Een apart programma; doorgaans sluit een concert af met de Zevende van Beethoven, en de Wunderhorn-cyclus werd deze eeuw nog niet door het KCO uitgevoerd, en daarvoor (Chailly, Bernstein en Haitink) steeds door twee zangers om en om en niet zoals nu door één. De Zevende Beethoven staat dezer jaren het vaakst van alle beethovensymfonieën op de KCO-lessenaars. Fischer dirigeerde het in 2014 hier in Amsterdam en vorig seizoen op tournee, dit seizoen dus Honeck, en volgend seizoen neemt Blomstedt het stuk ter hand.
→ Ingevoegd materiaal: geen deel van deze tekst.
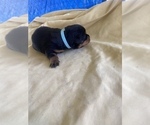 Small Photo #43 Rottweiler Puppy For Sale in RICHLAND, GA, USA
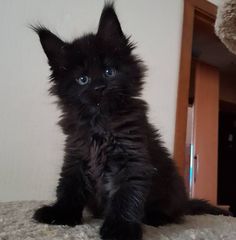 a small black kitten sitting on top of a carpet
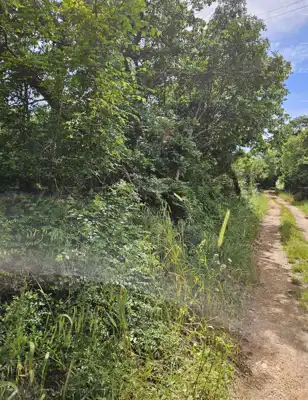 Građevinsko zemljište 1 712 m², Marčana uz cestu - 5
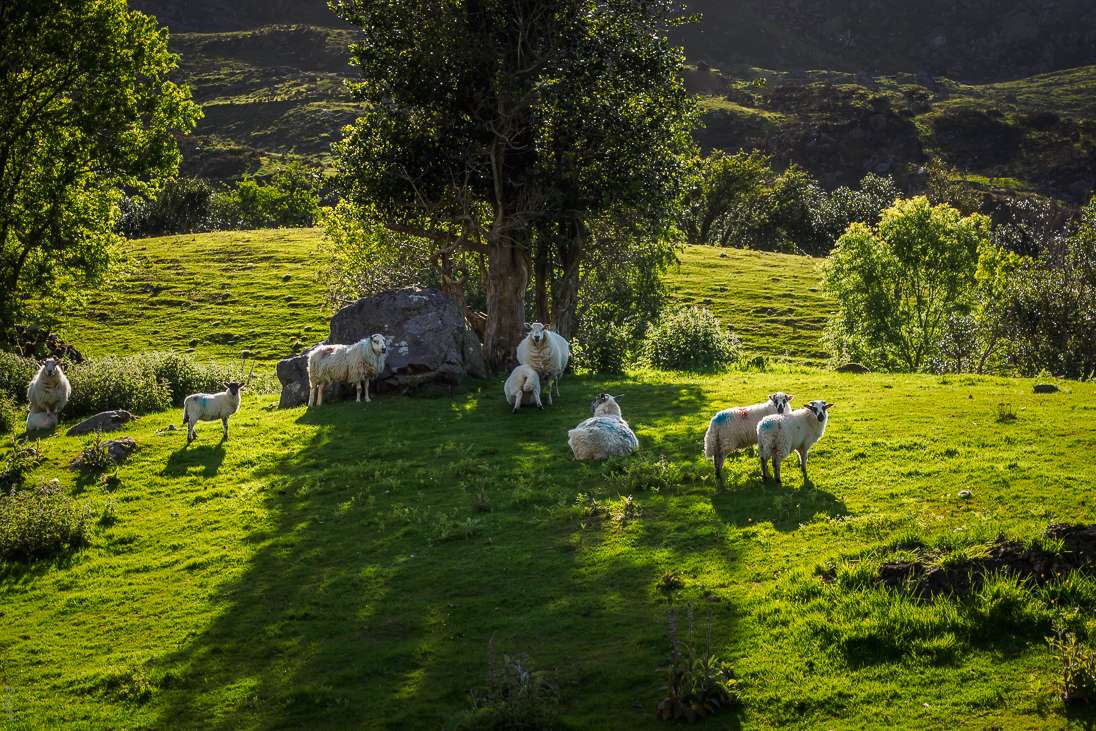 Animaux d' Irlande : 1) le mouton Mouton18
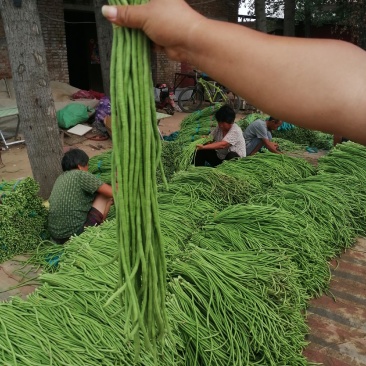 【豆角】优质青条豆角产地现摘现发可视频看货量大从优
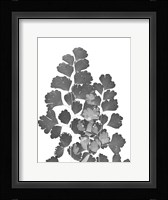 Southern Maidenhair Fern Fine Art Print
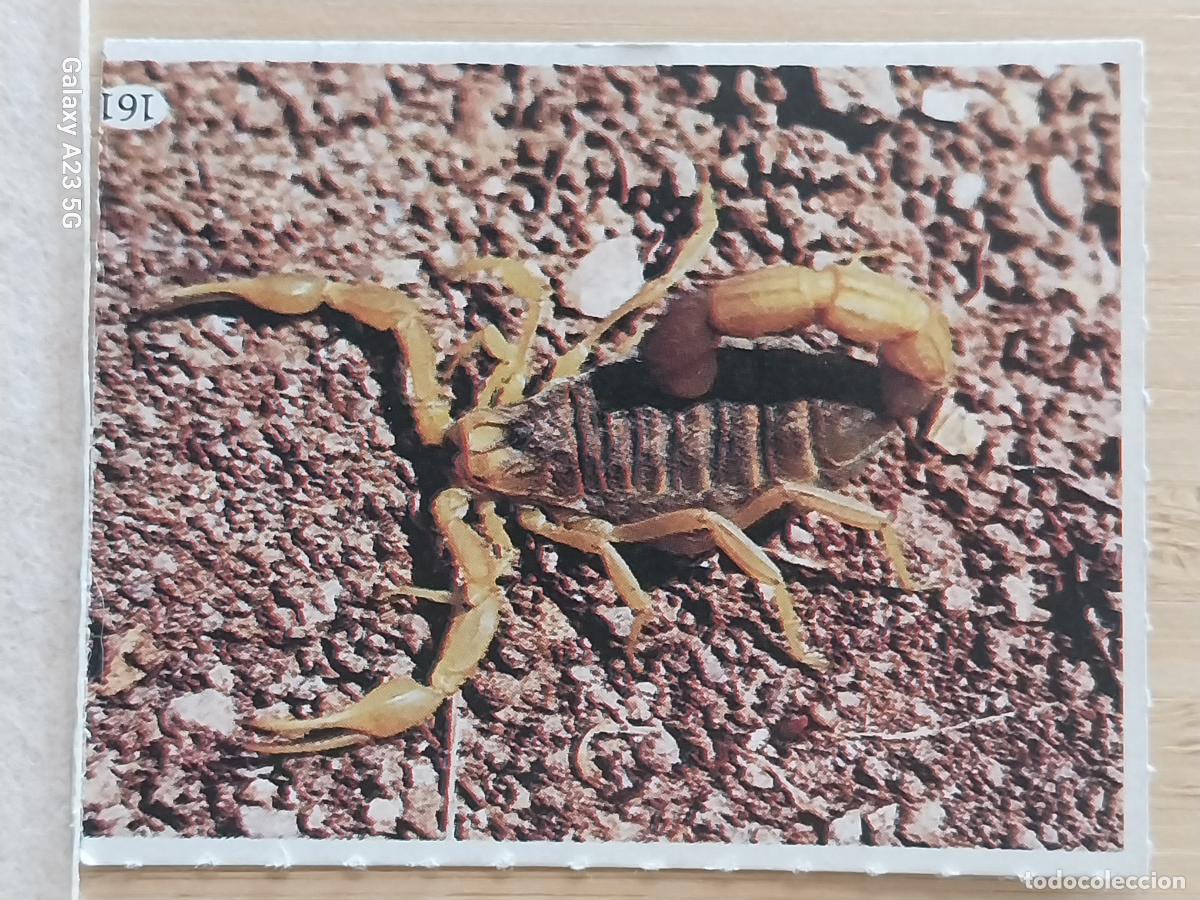 Coleccionismo cromos antiguos: TELE INDISCRETA AL LADO DE LOS ANIMALES A&Ntilde;O 1985 CROMO 161 ESCORPION ALACRAN SIN PEGAR NUNCA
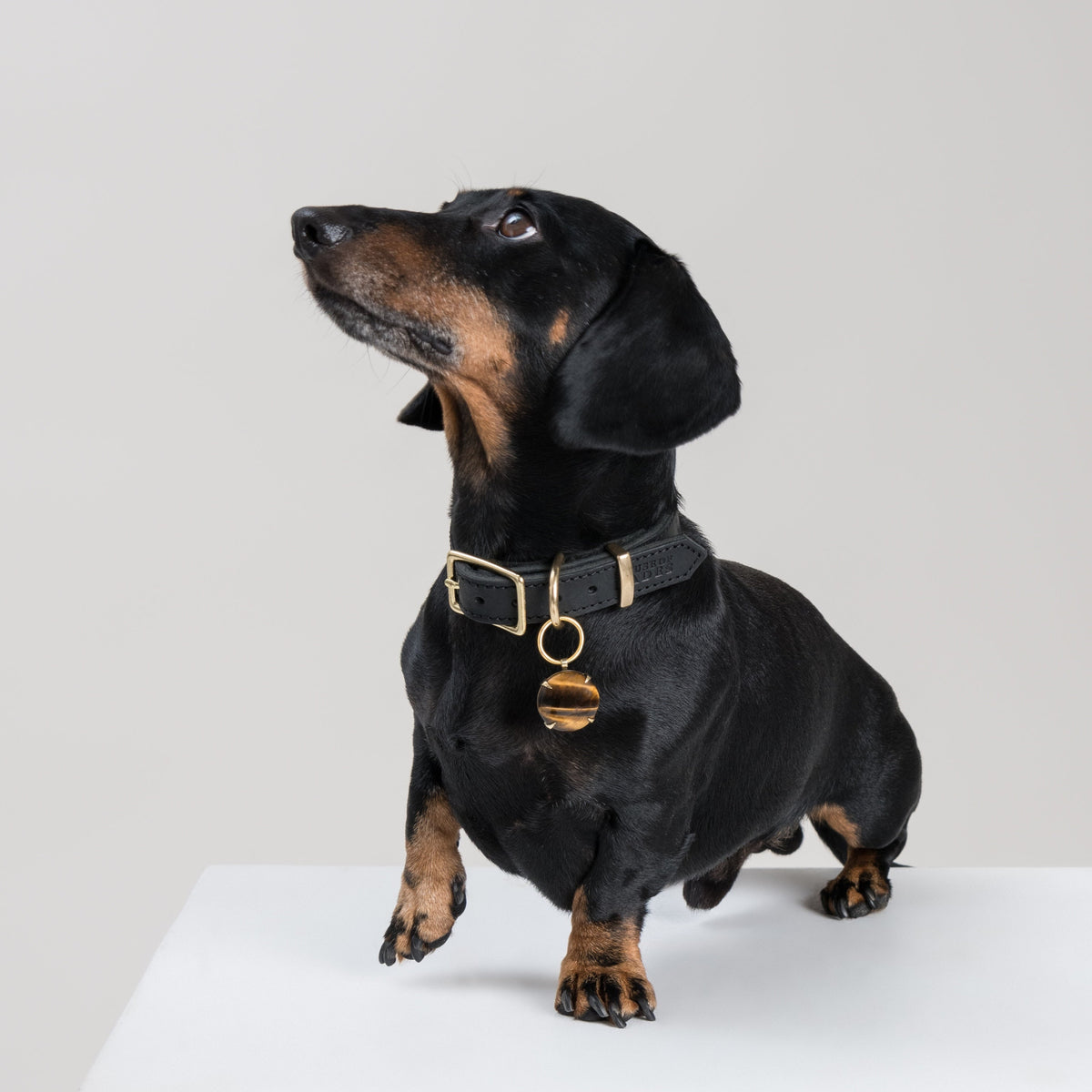 Black and tan Dachshund wearing the SPAR Tiger’s Eye pendant in brass, its polished golden-brown stone hanging from a House of Hades black leather collar with brass hardware, standing proudly on a white plinth and looking upwards.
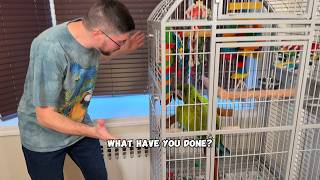 How Much Toys Great Green Macaw Goes Through!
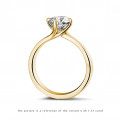 2.50 karaat diamanten solitaire ring in geel goud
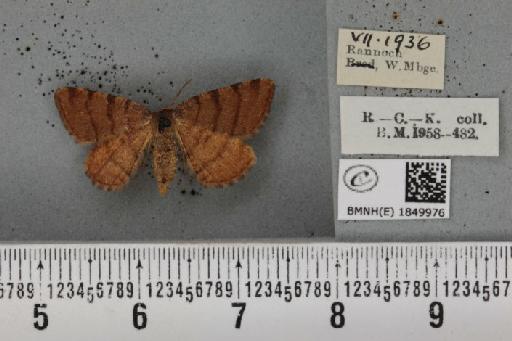 Macaria brunneata ab. fusca Lempke, 1952 - BMNHE_1849976_423421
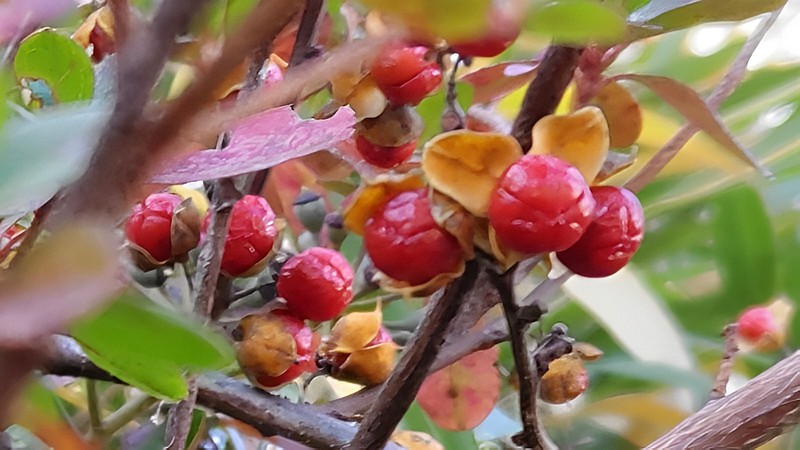ツルウメモドキの果実 横浜市旭区今宿南町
Deze uitvoering van Honeck mocht er zijn: puntig en energiek. Honeck had een duidelijke visie en het orkest ging er met graagte in mee. Om de krachten voor Mahler te sparen werden de meeste herhalingen achterwege gelaten. Vooruit maar. Na de pauze een ruim uur Mahler-liederen, uit het hoofd gezongen door Matthias Goerne. Zijn stem is op zijn hoogtepunt, zo leek het. Goerne kan ermee wat hij wil; je hoort zelden een zanger zo moeiteloos en vrijuit zingen. Honeck en Goerne concerteren vaker samen, ook met deze liederen, en dat was te horen. Mooi concert. Fijn om voor de foto's boven deze weblogs regelmatig terug te kunnen grijpen op de facebookpagina van het KCO.